MATERIAL FOR THIS EXERCISE: Begin

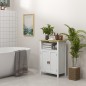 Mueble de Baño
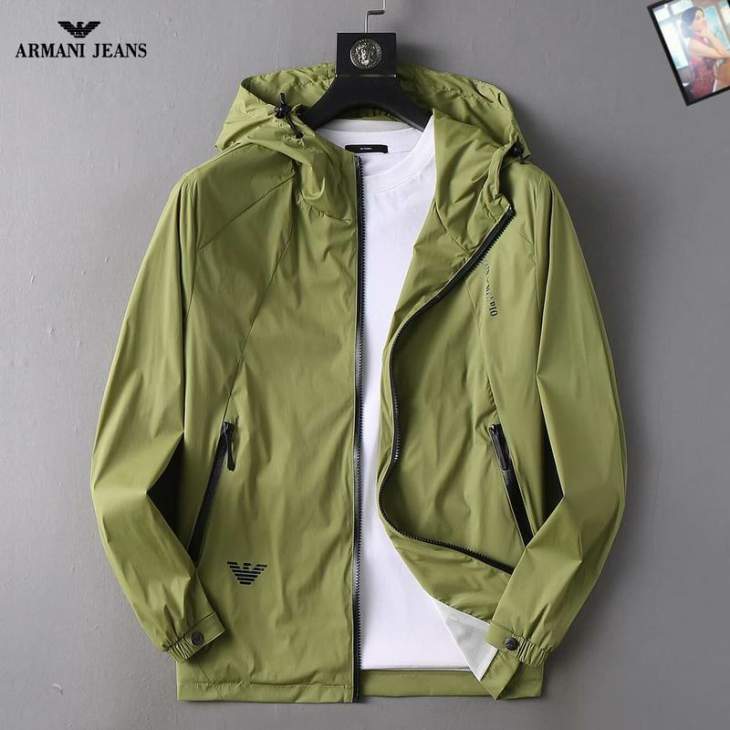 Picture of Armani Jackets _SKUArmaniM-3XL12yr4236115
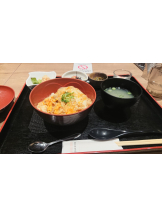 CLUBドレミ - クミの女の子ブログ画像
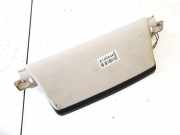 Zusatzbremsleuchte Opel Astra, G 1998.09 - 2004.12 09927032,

MATERIAL FOR THIS EXERCISE: End
MATERIAL FOR THIS EXERCISE: Begin

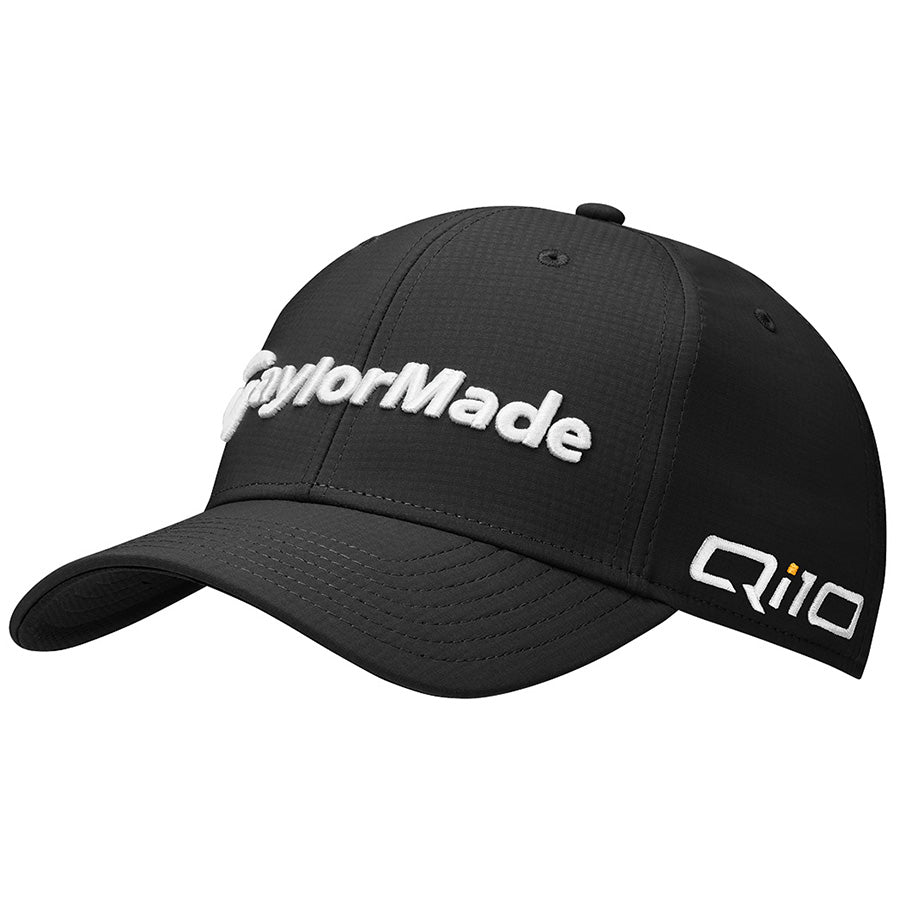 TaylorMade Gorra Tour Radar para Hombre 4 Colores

MATERIAL FOR THIS EXERCISE: End

▶ WHAT YOU WILL DO
Here the job is to copy the listing above word for word, starting at the line with "Mueble de Baño" and ending at the line with "Zusatzbremsleuchte Opel Astra, G", and to leave out the pictures.

▶ OUTPUT OF THE TASK
 Mueble de Baño
 Picture of Armani Jackets _SKUArmaniM-3XL12yr4236115
 CLUBドレミ - クミの女の子ブログ画像
 Zusatzbremsleuchte Opel Astra, G 1998.09 - 2004.12 09927032,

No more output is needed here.